В настоящей главе я хочу рассмотреть это визуальное изображение травмы и передачи травматического опыта, в особенности динамику идентификации, в силу которой метка, а тем самым и чувственная память, которую она репрезентирует, может, пусть только отчасти, передаваться от человека человеку и от поколения к поколению. Анализируя вышеприведенную сцену из «Возлюбленной» в связи с повторяющимся утверждением рассказчицы, что «такую историю не расскажешь»4, Гаятри Чакраворти Спивак размышляет о материнской пощечине: «Даже между матерью и дочерью присутствует некоторый исторический зазор»5. «И все же, – продолжает она, – эта история
Когда мать Сэти, указывая на клеймо, говорит ей: «Это твоя мать», – она отождествляет материнство с выжженным на коже кругом с крестом внутри. Эта метка и есть мать – «Это твоя мать» – и одновременно способ опознания друг друга матерью и дочерью: «Ты отличишь меня по этому клейму». Физическая идентичность меняется под влиянием рабского клейма, и дочь, теперь отделенная от матери принципиально иной историей, одновременно боится повторить историю матери и тоскует по такому опознаванию, которое позволило бы ей осознать себя дочерью своей матери. «Но как же ты-то меня узнаешь?»8 Амбивалентное желание получить метку и тем самым самой испытать материнскую травму, понятно в случае матерей и дочерей, чья телесная связь и сходство настолько разрушены меткой, что больше не работают в качестве средства взаимного опознания как сердечной основы уз, связывающих мать и дочь.
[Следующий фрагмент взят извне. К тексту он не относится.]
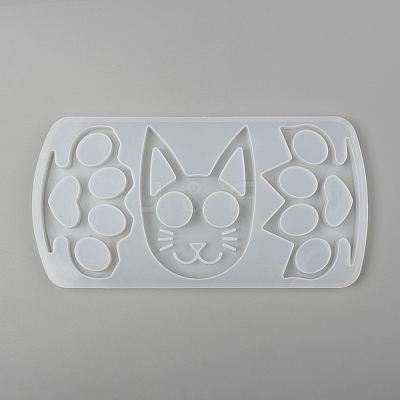 Cat & Paw Shape Self Defense Keychain Silicone Molds LS-DIY-P006-30-1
Меня здесь особенно интересует то, как писатели и художники из числа представителей постпоколения смогли изобразить эту межпоколенческую динамику – желание и сопротивление, необходимость и невозможность получить родительский телесный опыт травмы, являемый видимой меткой, клеймом или татуировкой. В предыдущей главе мы обсуждали и даже воспроизвели амбивалентное желание представителей постпоколения локализовать родительскую травму в конкретном месте – вроде того самого пятна на левой стороне груди. Здесь же это желание и эта амбивалентность более интенсивны и в то же время более личны и сокровенны. Это желание идентификации настолько сильно, что ребенок готов получить от родителя шрам на коже, и в то же время это отказ от такого зеркального телесного подобия.
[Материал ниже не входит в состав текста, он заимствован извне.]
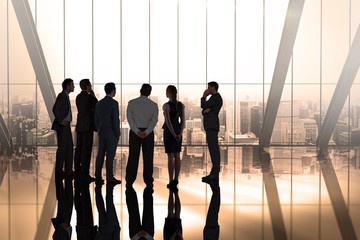 Aufkleber - Composite image of business colleagues talking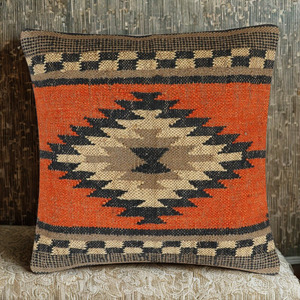 Coussin carré artisanal en laine et jute, motif abstrait doux, taille et couleur personnalisables, pour chaise et dossier de chaise d'hôtel - Product Image 3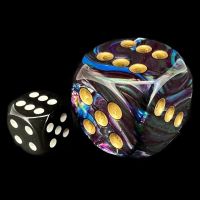 Chessex Lustrous Shadow with Gold BIG 30mm D6 Spot Dice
По свидетельству тех, кто сам не получил травму, но испытал ее воздействие задним числом через рассказы, действия и симптомы, проявляющиеся у предыдущего поколения, травма одновременно закрепляет и размывает межпоколенческие различия9. Какие формы идентификации и близости могут обеспечить передачу телесной памяти и какими художественными средствами можно их изобразить? Какова роль «исторического зазора» в передаче травмы? Из-за отчетливых культурных ожиданий, направленных на дочерей, и гендерной динамики формирования субъектных отношений, которыми эти ожидания сформированы, в этой главе я прежде всего хотела бы выяснить специфику роли дочери в процессе выстраивания семейной постпамяти.